Ban on Israeli goods has shoppers in uproar: Some demand Rainbow co-op end boycott

Rainbow Grocery’s ban on carrying certain Israeli-made goods has angered some customers and prompted the Jewish Community Relations Council in San Francisco to demand that the Mission District co-op reverse its boycott immediately.

The worker-owned store is losing business over its decision to remove Israeli products from two of its largest departments, packaged foods and bulk foods, a Rainbow spokesman said.

Other store departments — each of which enacts policies independently — still carry Israeli-exported health and beauty items and candles.

But a months-old ban on some Israeli foods means Rainbow isn’t carrying, among other things, the chocolate coin-shaped candies commonly called gelt, which are popular among Jews during Hanukkah, an eight-day holiday that began Friday night. The ban was adopted through a vote of workers empathetic to Palestinians. They felt the store should take a stand at a time of escalating violence and uncertainty in the Middle East. Reactions to the boycott, which was the subject of a Chronicle story Wednesday, demonstrate how Israeli-Palestinian tensions have found their way into the aisles of a 27-year-old neighborhood supermarket in a city with a reputation for tolerance and diversity.

Similar debates have found stages on university campuses and through divestment campaigns targeting large corporations with money in Israel. At Rainbow, the topic has divided employees and customers — many of whom are neighbors — emotionally and politically and fueled e-mail and Website discussions nationally.
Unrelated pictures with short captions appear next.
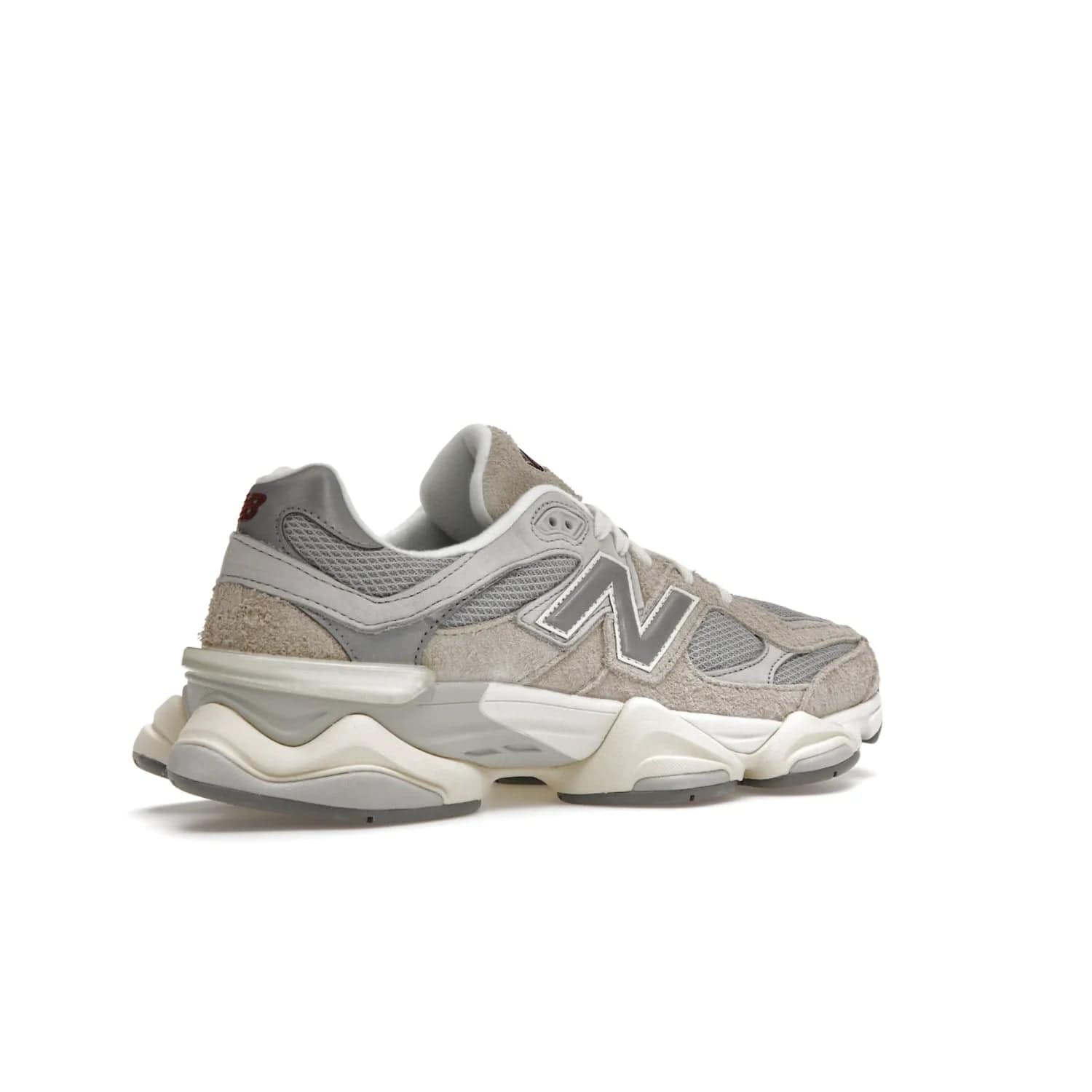 New Balance 9060 Lunar New Year Timberwolf Grey - Image 34 - Only at www.BallersClubKickz.com - This New Balance 9060 Lunar New Year Timberwolf Grey features a mesh upper and furry suede overlays in a stylish Timberwolf/Rain Cloud/Silver Metallic colorway. Its contemporary design includes ABZORB and SBS cushioning, a chunky rubber sole, and a lace-up front. Crafted to offer nothing but the best in style and comfort, the shoe released on 2nd January 2023.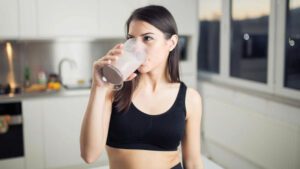 imagem com uma mulher tomando suplemento para engordar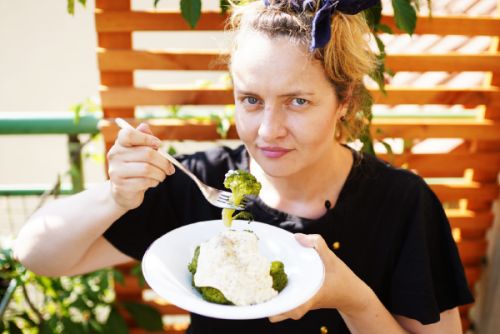 Zdjęcie, Aleksandra w trakcie jedzenia brokułów z białym sosem. Jest na zewnątrz i trzymając widelec patrzy się prosto w obiektyw.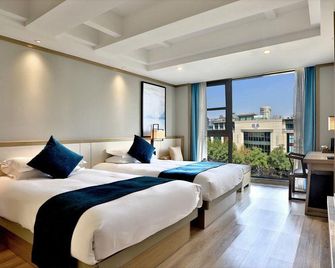 Dongpo Hotel - Hangzhou - Bedroom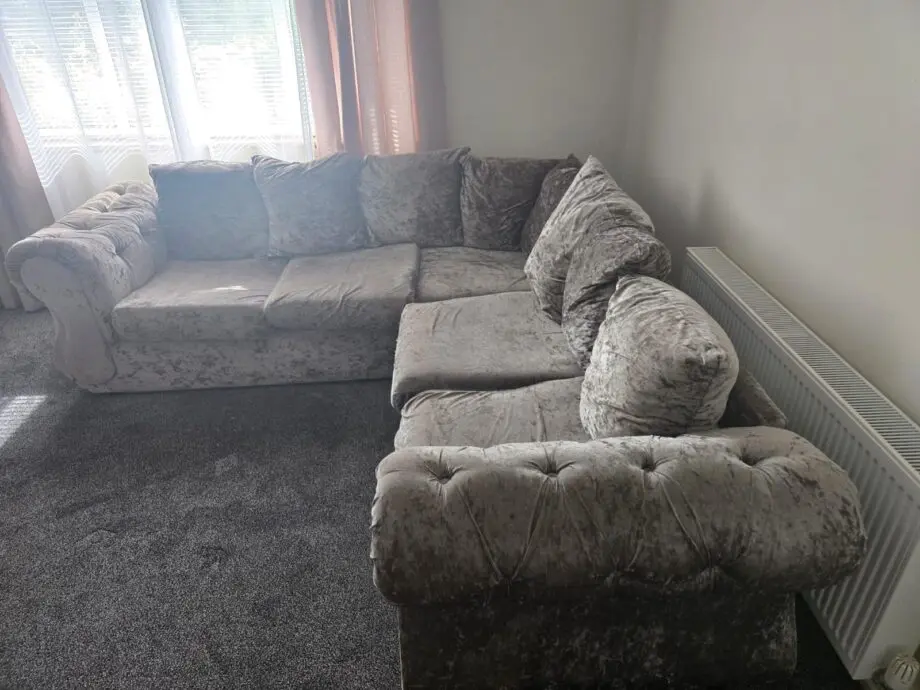 Grey velvet L shape sofa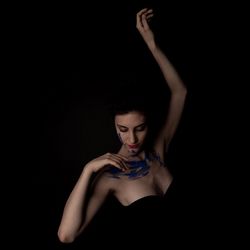 Young woman with body paint against black background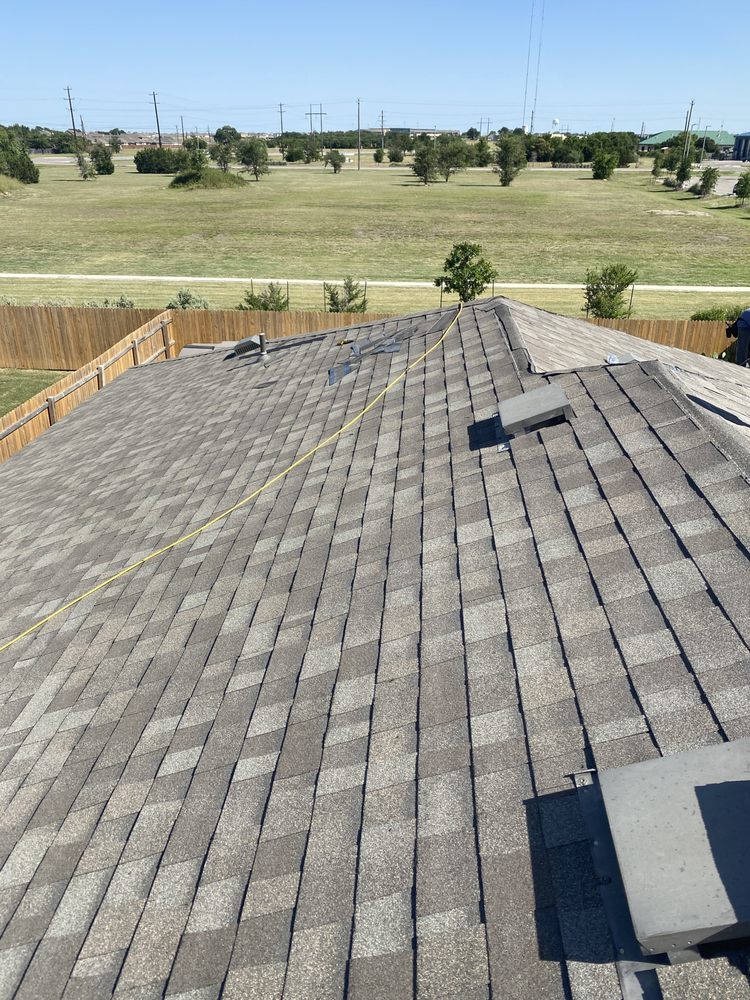 Slide of Rey's roofing and contractors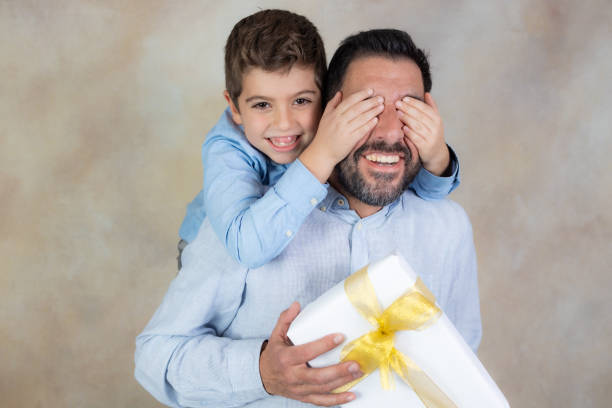 istock Funny boy giving a gift to his father 1362251246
About 100 people called the store with reactions Wednesday, mostly to disagree with Rainbow’s partial boycott, said spokesman Scott Bradley, who has worked at the store for three years.

“Ninety-nine percent of it is people calling up and being very polite and saying they’re not going to shop here anymore,” Bradley said.

Those callers included San Francisco resident Michael Disend, who said he was a longtime Rainbow Grocery customer. That changed this week.

“Rainbow is a store that I hold in great esteem, because I share those cooperative values… . When I saw the (newspaper) piece today, it was a blow to the heart,” Disend said.

He said Rainbow’s selective boycott of Israeli products smacks of anti-Semitism. He urged a boycott of the store and a picket line on Folsom Street in front of the entrance if Israeli products aren’t restocked.

“People are very, very serious about getting it together,” Disend said. “I would be one of the very first people out there.”

The Jewish Community Relations Council, representing 80 Jewish congregations and organizations in the Bay Area, on Wednesday called for Rainbow to reverse the ban immediately. Council members also want to meet with store leaders to discuss what prompted the action in the first place.

“We are deeply disappointed and angered that they have done this,” said Yitzhak Santis, the council’s Middle East affairs director. “This decision is politically motivated by activists (with) an anti-Israel agenda, and not a human-rights agenda… . They’re not boycotting products from any other countries. They single out Israel. I find this discriminatory and antagonistic.”

A group supporting the boycott, however, said this week that its view is based on human-rights concerns for Palestinians and is part of a broader effort to support Palestinians and minimize financial aid to Israelis.

“For all of the (banned) products we are talking about, there are alternatives. There isn’t anything that is uniquely Israeli,” Eyad Kishawi, a member of the Justice in Palestine Coalition of the Bay Area, told The Chronicle on Tuesday.

The coalition is asking Rainbow to broaden its ban to include all Israeli-made goods and wants similar actions taken by about 30 other Bay Area businesses it considers socially and politically progressive, said Eyad, who could not be reached for comment Wednesday. Among e-mails circulating Wednesday in support of the coalition’s stance were some calling the ban a brave and appropriate action on behalf of Palestinians.

As pressure builds on Rainbow from people on all sides of the Israeli-Palestinian debate, some store employees want more than ever to adopt a storewide boycott, while others strongly disagree with any ban, Bradley said.

“Things take a long time to happen here, because everything has to be voted on,” he said of efforts toward a resolution. Rainbow has about 200 employees, 175 of whom have voting privileges as co-op members; about 60 work in the two departments that enacted the boycott.

Bradley said it’s clear that some customers are turning away. “A lot of workers are worried about it,” he said. “It hurts. We’ve never had a response to anything like this before.”